> [YOUR INSTRUCTIONS]:
Your task is to copy the stretch of lines in the records below that begins with the line containing "rear view of property featuring a patio" and ends with the line containing "view on the street through the rainy window", exactly as written, with nothing added.

== EXTRACTED RECORDS

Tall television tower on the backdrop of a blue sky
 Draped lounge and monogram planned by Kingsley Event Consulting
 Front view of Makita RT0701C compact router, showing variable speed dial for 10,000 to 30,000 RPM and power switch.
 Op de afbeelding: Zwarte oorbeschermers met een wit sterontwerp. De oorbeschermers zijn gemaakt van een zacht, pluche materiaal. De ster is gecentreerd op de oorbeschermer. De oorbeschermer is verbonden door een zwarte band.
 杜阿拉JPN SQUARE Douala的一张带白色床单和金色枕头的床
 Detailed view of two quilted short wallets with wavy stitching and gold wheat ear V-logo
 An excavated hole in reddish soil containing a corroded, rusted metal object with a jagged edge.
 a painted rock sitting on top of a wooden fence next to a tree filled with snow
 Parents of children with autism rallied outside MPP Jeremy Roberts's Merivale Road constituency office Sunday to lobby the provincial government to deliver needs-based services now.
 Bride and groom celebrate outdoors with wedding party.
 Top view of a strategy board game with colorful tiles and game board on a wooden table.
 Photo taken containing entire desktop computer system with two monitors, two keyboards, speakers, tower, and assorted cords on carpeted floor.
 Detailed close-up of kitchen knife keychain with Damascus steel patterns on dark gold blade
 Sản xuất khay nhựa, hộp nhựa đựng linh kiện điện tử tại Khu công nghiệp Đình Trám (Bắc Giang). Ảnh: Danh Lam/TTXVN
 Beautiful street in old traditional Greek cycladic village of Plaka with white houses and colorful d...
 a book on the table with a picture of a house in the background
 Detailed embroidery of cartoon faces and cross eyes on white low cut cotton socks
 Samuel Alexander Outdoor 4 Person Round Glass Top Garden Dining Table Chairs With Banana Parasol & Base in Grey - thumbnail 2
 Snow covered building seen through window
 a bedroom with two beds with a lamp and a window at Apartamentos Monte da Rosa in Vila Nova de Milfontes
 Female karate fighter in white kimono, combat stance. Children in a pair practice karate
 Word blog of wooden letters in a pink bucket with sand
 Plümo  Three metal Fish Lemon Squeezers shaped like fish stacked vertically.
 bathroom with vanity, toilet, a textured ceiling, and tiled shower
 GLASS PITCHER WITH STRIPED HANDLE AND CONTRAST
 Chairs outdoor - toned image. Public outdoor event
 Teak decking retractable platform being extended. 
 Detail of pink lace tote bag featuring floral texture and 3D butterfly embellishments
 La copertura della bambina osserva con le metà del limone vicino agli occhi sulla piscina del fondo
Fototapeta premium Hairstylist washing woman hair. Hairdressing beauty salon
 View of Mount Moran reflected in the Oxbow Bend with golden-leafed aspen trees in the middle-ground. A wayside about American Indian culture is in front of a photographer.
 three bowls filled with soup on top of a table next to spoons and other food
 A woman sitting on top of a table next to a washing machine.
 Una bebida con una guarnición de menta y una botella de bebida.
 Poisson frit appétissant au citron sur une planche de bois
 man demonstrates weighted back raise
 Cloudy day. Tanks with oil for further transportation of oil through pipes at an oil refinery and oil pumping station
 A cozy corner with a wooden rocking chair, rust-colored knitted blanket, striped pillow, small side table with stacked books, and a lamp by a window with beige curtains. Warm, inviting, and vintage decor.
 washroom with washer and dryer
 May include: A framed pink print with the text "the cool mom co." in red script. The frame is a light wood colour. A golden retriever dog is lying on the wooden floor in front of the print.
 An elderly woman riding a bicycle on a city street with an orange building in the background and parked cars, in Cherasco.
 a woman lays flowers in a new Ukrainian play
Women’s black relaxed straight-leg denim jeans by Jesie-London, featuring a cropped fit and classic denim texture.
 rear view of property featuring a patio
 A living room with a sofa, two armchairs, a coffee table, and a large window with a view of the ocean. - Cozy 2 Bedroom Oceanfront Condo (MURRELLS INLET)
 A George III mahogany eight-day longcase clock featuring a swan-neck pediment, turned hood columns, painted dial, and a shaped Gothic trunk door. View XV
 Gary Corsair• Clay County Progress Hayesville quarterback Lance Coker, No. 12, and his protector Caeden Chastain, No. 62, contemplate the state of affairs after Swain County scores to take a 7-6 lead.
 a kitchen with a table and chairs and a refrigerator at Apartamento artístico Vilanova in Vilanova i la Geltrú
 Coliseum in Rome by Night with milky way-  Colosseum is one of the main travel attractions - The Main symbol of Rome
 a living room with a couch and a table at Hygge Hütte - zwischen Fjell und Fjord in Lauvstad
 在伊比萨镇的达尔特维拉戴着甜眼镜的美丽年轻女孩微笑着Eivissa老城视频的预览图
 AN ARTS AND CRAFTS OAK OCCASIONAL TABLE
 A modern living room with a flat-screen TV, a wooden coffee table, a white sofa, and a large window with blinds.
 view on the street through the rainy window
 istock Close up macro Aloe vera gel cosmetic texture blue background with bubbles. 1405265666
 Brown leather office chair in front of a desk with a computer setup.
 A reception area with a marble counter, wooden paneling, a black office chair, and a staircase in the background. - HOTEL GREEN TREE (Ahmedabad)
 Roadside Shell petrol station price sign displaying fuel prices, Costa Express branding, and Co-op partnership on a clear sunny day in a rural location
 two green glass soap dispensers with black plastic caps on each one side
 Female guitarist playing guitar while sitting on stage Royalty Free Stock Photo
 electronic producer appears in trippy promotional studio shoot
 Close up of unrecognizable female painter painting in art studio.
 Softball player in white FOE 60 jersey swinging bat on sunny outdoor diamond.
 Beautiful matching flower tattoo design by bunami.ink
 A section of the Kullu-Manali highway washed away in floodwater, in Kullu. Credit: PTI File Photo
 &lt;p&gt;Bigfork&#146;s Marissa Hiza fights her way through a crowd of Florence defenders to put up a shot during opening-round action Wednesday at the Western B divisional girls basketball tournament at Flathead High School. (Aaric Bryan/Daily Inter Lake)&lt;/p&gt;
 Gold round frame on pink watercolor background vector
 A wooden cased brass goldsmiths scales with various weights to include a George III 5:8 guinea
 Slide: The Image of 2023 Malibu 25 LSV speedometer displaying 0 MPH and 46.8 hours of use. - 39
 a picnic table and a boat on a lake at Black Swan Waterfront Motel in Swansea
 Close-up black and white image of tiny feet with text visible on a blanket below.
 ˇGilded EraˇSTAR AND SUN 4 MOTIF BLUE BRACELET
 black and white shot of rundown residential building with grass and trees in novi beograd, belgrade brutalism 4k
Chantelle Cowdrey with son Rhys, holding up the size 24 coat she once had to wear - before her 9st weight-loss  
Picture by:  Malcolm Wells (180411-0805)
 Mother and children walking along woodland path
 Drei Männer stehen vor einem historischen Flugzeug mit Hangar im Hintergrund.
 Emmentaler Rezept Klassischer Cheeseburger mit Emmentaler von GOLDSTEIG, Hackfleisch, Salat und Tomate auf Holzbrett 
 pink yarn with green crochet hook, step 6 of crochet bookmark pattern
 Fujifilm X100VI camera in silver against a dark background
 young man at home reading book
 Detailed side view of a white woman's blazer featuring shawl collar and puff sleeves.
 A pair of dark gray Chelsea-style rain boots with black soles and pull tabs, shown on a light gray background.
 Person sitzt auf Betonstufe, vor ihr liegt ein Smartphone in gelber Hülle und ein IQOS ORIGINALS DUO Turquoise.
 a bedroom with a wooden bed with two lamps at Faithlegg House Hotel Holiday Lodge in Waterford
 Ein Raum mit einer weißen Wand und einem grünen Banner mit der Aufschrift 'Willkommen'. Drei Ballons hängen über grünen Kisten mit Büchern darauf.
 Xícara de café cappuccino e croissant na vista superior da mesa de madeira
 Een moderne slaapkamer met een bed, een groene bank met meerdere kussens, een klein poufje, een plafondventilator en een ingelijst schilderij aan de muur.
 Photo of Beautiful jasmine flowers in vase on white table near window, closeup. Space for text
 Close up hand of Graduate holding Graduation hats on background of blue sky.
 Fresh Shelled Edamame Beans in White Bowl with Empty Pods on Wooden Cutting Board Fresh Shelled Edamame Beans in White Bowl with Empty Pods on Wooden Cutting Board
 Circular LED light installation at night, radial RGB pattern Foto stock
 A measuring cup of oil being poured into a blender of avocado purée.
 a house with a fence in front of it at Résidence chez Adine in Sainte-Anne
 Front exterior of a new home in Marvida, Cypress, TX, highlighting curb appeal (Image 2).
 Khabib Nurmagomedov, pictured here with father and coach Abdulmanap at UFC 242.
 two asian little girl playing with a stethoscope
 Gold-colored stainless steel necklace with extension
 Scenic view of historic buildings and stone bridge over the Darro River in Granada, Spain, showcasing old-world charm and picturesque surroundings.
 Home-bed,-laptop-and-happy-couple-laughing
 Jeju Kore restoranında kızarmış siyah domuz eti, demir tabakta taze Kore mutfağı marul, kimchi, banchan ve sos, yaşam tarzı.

====

> [EXPECTED ANSWER]:
 rear view of property featuring a patio
 A living room with a sofa, two armchairs, a coffee table, and a large window with a view of the ocean. - Cozy 2 Bedroom Oceanfront Condo (MURRELLS INLET)
 A George III mahogany eight-day longcase clock featuring a swan-neck pediment, turned hood columns, painted dial, and a shaped Gothic trunk door. View XV
 Gary Corsair• Clay County Progress Hayesville quarterback Lance Coker, No. 12, and his protector Caeden Chastain, No. 62, contemplate the state of affairs after Swain County scores to take a 7-6 lead.
 a kitchen with a table and chairs and a refrigerator at Apartamento artístico Vilanova in Vilanova i la Geltrú
 Coliseum in Rome by Night with milky way-  Colosseum is one of the main travel attractions - The Main symbol of Rome
 a living room with a couch and a table at Hygge Hütte - zwischen Fjell und Fjord in Lauvstad
 在伊比萨镇的达尔特维拉戴着甜眼镜的美丽年轻女孩微笑着Eivissa老城视频的预览图
 AN ARTS AND CRAFTS OAK OCCASIONAL TABLE
 A modern living room with a flat-screen TV, a wooden coffee table, a white sofa, and a large window with blinds.
 view on the street through the rainy window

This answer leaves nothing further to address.